I want to grow in making the Bible a regular part of our family life. I also want to inspire all of the families in our church to make this a regular practice. Family devotions can be daunting for many fathers and mothers. We’re not sure if we’ll choose the right topic or ask the right questions. Younger children are easily distracted. Older children can be reluctant to talk about spiritual topics.
Yet, a practice of family devotional time doesn’t have to start off breaking any quantity or quality records. We don’t have to have lots of profound insights or the perfect conversational leadership. We simply want to demonstrate the value of God’s Word and allow our children to hear it read. We want to show that we believe these Words to be true, and so respond in prayer to the God who wrote them.
Here’s how family devotions look in our house…
1. We call all our children into the living room. (Insert repeated calls to account for initial sluggish responses.)
2. I read a passage of Scripture. (Our children are young, so this may only be a paragraph.)
3. I ask one or two questions about what the passage was talking about. (Sometimes they seem more interested and we’ll keep asking questions to understand the passage and perhaps an age-appropriate application.)
4. I’ll ask my two oldest children which worship song they would like to sing. (We often sing the same song many nights in a row. ) I’m a musician, but usually we just sing this acappella. Sometimes I’ll ask them to explain one or two lines in the song.
5. I’ll ask my two oldest children what they would like to pray for, and each family member will pray briefly.

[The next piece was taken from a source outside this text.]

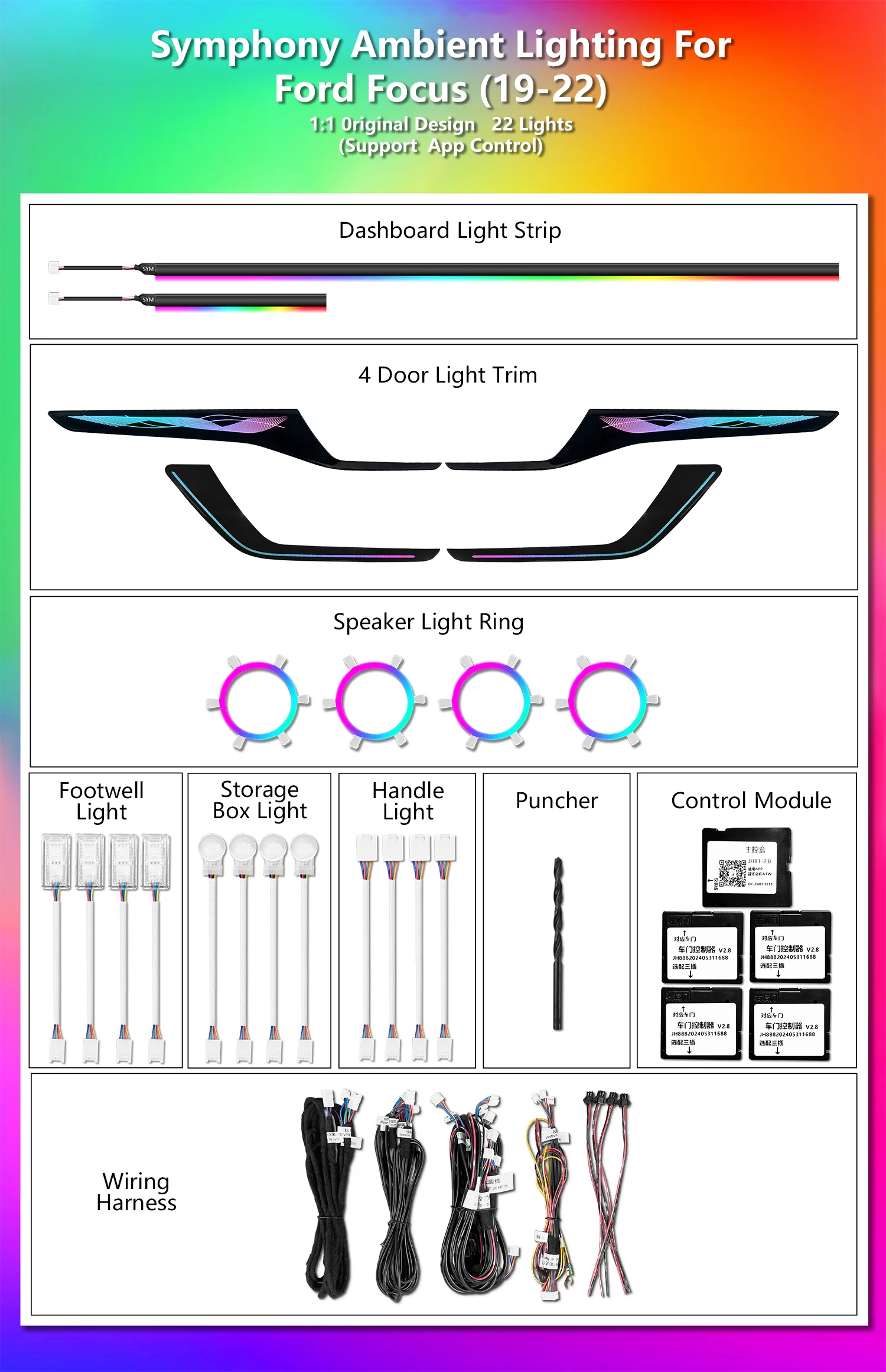 CRIS for Ford Focus MK4 2019-2025 Ambient Light Dynamic Symphony Trim Panel Car Interior Custom Fit Lighting Upgrade Kit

On nights when it is already bed time (and sometimes even when it’s not), this whole process could be as brief as 5 minutes. Not very impressive, I know. Other nights, we might be able to get 20 minutes in. Again, still not very impressive. I am hoping to cultivate a greater appetite in our children so that longer times are possible in the future.
However, I would much rather have a simple, consistent time of gathering our family around the Bible, then delay because I’m worried about how impressive our pattern is. The Bible is powerful, a treasure, a lighthouse, a feast; I want our family to consistently encounter it as part of our family identity.
I pray you will join me in gathering your family around the Bible.